__Given data__
----

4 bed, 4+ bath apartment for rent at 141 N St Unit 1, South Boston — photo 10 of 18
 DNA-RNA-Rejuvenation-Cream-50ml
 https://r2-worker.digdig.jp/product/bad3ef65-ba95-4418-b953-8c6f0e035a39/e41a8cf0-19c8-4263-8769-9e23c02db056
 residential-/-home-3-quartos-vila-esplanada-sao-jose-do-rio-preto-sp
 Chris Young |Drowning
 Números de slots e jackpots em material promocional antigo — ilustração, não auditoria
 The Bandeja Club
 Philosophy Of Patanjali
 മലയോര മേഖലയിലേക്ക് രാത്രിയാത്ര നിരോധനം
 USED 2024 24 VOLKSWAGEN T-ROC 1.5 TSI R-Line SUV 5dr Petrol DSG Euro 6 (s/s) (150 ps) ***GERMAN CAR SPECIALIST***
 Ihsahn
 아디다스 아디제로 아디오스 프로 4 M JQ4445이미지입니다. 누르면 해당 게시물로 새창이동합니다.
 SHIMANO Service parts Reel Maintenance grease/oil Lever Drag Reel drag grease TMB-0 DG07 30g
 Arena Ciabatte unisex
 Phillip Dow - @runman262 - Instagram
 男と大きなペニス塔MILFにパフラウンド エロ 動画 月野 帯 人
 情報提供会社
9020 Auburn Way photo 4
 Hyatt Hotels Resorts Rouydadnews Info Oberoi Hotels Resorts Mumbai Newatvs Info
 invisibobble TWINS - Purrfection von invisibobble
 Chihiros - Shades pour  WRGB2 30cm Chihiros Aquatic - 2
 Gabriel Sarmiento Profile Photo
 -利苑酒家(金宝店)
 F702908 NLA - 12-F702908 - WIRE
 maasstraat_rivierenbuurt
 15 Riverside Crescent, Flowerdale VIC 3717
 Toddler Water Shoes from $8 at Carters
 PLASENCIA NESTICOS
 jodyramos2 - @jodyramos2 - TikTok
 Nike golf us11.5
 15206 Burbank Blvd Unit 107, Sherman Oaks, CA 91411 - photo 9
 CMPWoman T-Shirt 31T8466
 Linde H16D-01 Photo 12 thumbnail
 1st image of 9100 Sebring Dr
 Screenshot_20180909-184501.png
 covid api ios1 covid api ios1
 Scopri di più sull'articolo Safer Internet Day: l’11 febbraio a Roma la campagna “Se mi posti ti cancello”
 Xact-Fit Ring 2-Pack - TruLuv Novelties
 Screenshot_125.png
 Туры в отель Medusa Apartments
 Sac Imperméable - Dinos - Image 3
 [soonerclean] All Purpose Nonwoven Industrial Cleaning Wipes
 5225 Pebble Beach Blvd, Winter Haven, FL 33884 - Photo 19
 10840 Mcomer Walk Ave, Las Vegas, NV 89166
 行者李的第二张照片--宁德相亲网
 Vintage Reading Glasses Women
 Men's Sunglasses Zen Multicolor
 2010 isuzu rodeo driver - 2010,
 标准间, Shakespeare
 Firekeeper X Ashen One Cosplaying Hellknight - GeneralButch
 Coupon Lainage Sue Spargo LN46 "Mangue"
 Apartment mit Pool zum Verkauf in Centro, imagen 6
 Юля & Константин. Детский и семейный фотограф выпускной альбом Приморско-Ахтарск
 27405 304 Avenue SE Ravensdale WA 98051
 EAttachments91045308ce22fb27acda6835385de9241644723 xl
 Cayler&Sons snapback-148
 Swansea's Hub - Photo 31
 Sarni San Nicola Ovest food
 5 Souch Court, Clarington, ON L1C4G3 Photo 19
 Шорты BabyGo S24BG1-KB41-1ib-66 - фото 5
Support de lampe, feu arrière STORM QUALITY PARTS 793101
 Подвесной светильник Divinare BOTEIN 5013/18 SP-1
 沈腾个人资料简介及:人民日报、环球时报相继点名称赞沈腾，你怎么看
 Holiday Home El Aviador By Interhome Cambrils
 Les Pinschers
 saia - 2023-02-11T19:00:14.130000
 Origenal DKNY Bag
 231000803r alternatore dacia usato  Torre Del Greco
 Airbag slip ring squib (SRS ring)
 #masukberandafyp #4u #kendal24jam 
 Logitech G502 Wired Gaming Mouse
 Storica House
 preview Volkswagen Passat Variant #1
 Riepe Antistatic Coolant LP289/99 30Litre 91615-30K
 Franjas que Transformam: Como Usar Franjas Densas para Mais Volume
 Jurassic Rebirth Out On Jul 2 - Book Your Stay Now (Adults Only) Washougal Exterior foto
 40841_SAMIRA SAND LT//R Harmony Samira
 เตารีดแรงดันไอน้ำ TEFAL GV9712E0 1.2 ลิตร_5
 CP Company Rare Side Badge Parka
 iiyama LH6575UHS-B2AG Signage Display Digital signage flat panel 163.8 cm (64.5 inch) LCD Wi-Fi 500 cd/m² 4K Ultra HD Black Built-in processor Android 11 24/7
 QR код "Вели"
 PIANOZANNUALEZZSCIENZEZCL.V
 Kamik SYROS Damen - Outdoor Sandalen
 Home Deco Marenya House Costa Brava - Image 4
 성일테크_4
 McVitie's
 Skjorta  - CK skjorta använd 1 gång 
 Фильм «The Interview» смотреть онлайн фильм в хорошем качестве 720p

----

__Problem description__
Copy out each line of the listing that holds the string "House".

__Output for this exercise__
 Storica House
 Home Deco Marenya House Costa Brava - Image 4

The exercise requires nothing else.